Next, the outline of this disclosure will be described. FIG. 11 is a block diagram illustrating an overview of a grouped convolution processing optimization device according to this disclosure. The grouped convolution processing optimization device 20 according to the present disclosure includes a first insertion unit 21 (for example, the grouped convolution weight modification unit 140) that executes at least one of a column insertion process that inserts (M−N/G) columns of zeros at the right end of an i-th weight matrix for each i from 1 to G or a row insertion process that inserts (M−N/G) rows of zeros at the bottom of the i-th weight matrix for each i from 1 to G, when a constraint that requires convolution computation to be executed on data composed of M channels (where M is an integer greater than N/G) for a grouped convolution is imposed on a trained convolutional neural network, in which an input convolution that executes convolutional computation using an input weight matrix of N rows and N columns on data composed of channels arranged sequentially from the first channel to the N-th channel (where N is an integer of 2 or more), the grouped convolution that divides the result of the input convolution into G parts (where G is an integer of 2 or more) along the channel direction, and executes convolutional computation for each i from 1 to G using the i-th weight matrix of N/G rows and N/G columns on the divided data composed of channels from {(i−1)×N/G+1} to (i×N/G), and an output convolution that executes convolutional computation using an output weight matrix of N rows and N columns on the result of the grouped convolution are each defined, and a second insertion unit 22 (for example, the pre-convolution weight modification unit 130 and the post-convolution weight modification unit 150) that executes at least one of an input weight matrix insertion process that inserts (M−N/G) columns of zeros to the right of the i×N/G-th column of the input weight matrix for each i from 1 to G or an output weight matrix insertion process that inserts (M−N/G) rows of zeros below the i×N/G-th row of the output weight matrix for each i from 1 to G, wherein the second insertion unit executes the input weight matrix insertion process when the row insertion process is executed, and executes the output weight matrix insertion process when the column insertion process is executed.

When such a grouped convolution processing optimization device is used, a hardware circuit with memory addressing constraints can execute grouped convolution at a higher speed.

Additionally, M may be the smallest multiple that is greater than the predetermined number N/G.

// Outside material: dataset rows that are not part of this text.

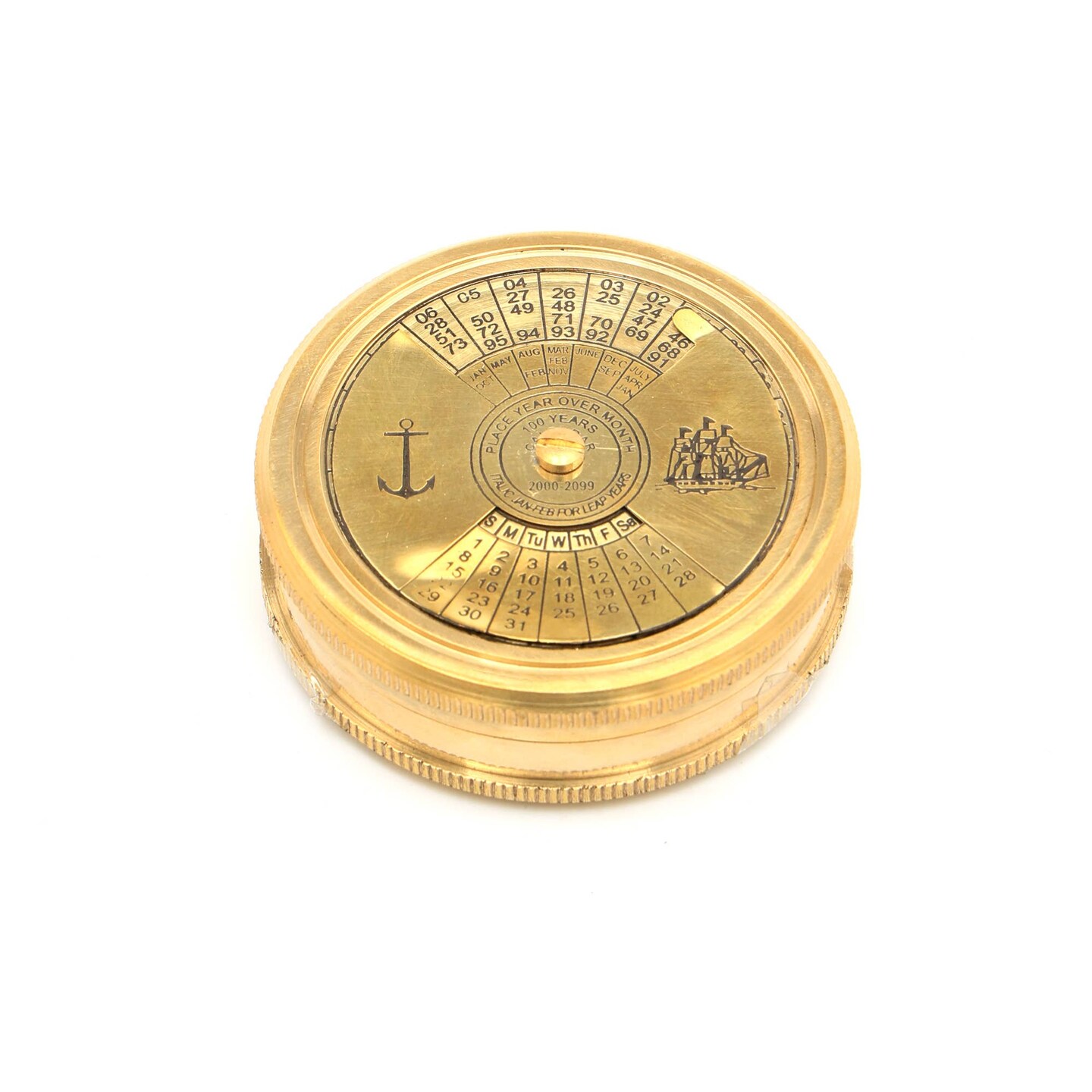 Vintage Collectible Brass Compass with Calender - Gold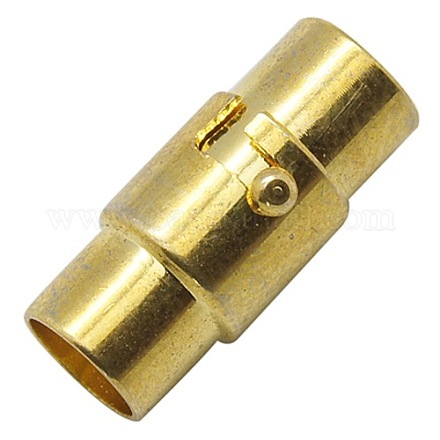真鍮製マグネチックネジ式クラスプ  コラム  ゴールドカラー  15x7mm  穴：4.8mm X-MC077-G-1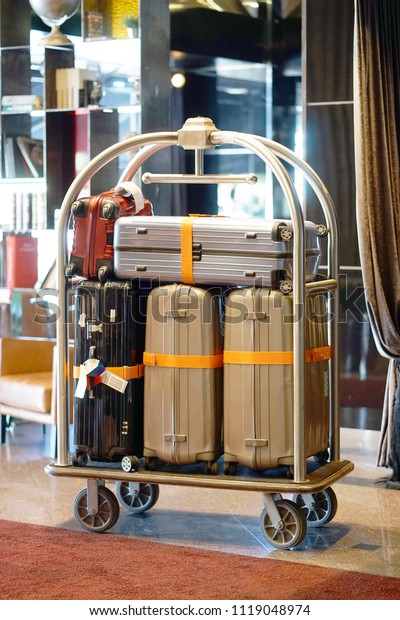 Trolley Luggage at the\
hotel.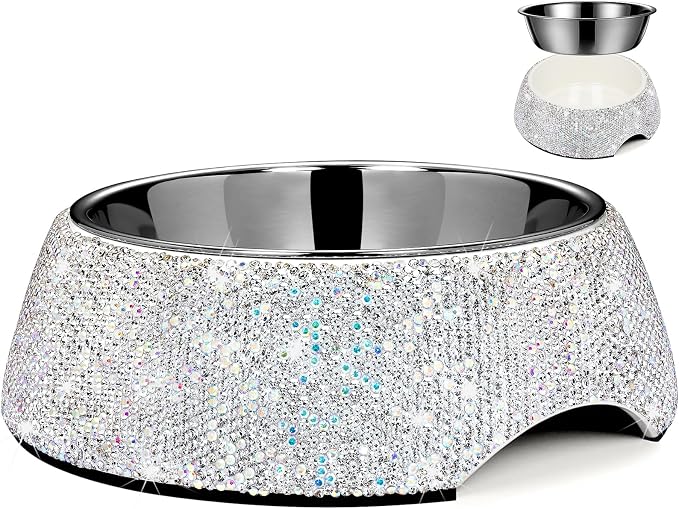SlowVibes Bling Stainless Steel Dog Bowls,12oz Detachable Rhinestone Metal Food Water Bowl for Feeding Dogs Cats,Rust Resistant Non-Slip Puppy Dish,Sparkle Essentials for Small Medium Large Girl Pets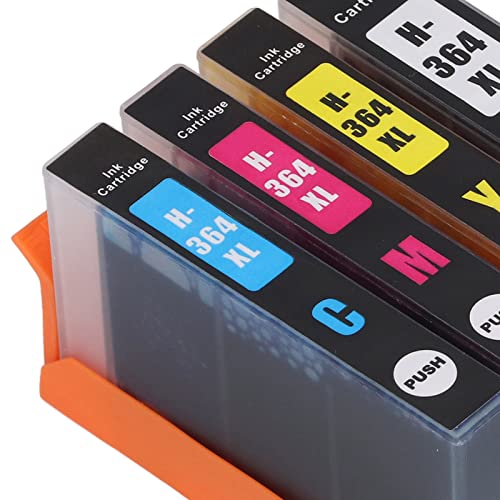 Hilitand Ink Cartridge Large Capacity Inkjet Cartridge Clear Fadeless Print Printer Cartridge for School, Office, Trading Firms (BK C M Y 4 Colors)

In grouped convolution, a matrix where i-th weight matrices are arranged diagonally from the top-left to the bottom-right in the order of i=1 to G may be used as the weight matrix.

This configuration allows the grouped convolution processing optimization device to reduce the impact of overhead involved in executing grouped convolution.

Additionally, the grouped convolution processing optimization device 20 includes a determination unit (for example, the optimal channel number determination unit 120) that determines at least one of an input channel number, which is the number of channels in input data for the grouped convolution subject to constraints, or an output channel number, which is the number of channels in the output data resulting from the grouped convolution, to be M*G. The first insertion unit 21 executes the row insertion process when the input channel number is determined to be M*G, and executes the column insertion process when the output channel number is determined to be M*G.

This configuration allows the grouped convolution processing optimization device to adjust the weights that are the target of modification.

Additionally, the grouped convolution processing optimization device 20 includes an evaluation unit (for example, the optimization candidate structure detection unit 110) that evaluates whether the input convolution, the grouped convolution, and the output convolution are each defined in the trained convolutional neural network.

This configuration allows the grouped convolution processing optimization device to determine whether or not to modify the weights used in each convolution.

Also, some or all of the above example embodiments may be described as in the following supplementary notes, but are not limited to these examples.

(Supplementary note 1) A grouped convolution processing optimization device includes: a first insertion unit that executes at least one of a column insertion process that inserts (M−N/G) columns of zeros at the right end of an i-th weight matrix for each i from 1 to G or a row insertion process that inserts (M−N/G) rows of zeros at the bottom of the i-th weight matrix for each i from 1 to G, when a constraint that requires convolution computation to be executed on data composed of M channels (where M is an integer greater than N/G) for a grouped convolution is imposed on a trained convolutional neural network, in which an input convolution that executes convolutional computation using an input weight matrix of N rows and N columns on data composed of channels arranged sequentially from the first channel to the N-th channel (where N is an integer of 2 or more), the grouped convolution that divides the result of the input convolution into G parts (where G is an integer of 2 or more) along the channel direction, and executes convolutional computation for each i from 1 to G using the i-th weight matrix of N/G rows and N/G columns on the divided data composed of channels from {(i−1)×N/G+1} to (i×N/G), and an output convolution that executes convolutional computation using an output weight matrix of N rows and N columns on the result of the grouped convolution are each defined; and a second insertion unit that executes at least one of an input weight matrix insertion process that inserts (M−N/G) columns of zeros to the right of the i×N/G-th column of the input weight matrix for each i from 1 to G or an output weight matrix insertion process that inserts (M−N/G) rows of zeros below the i×N/G-th row of the output weight matrix for each i from 1 to G, wherein the second insertion unit executes the input weight matrix insertion process when the row insertion process is executed, and executes the output weight matrix insertion process when the column insertion process is executed.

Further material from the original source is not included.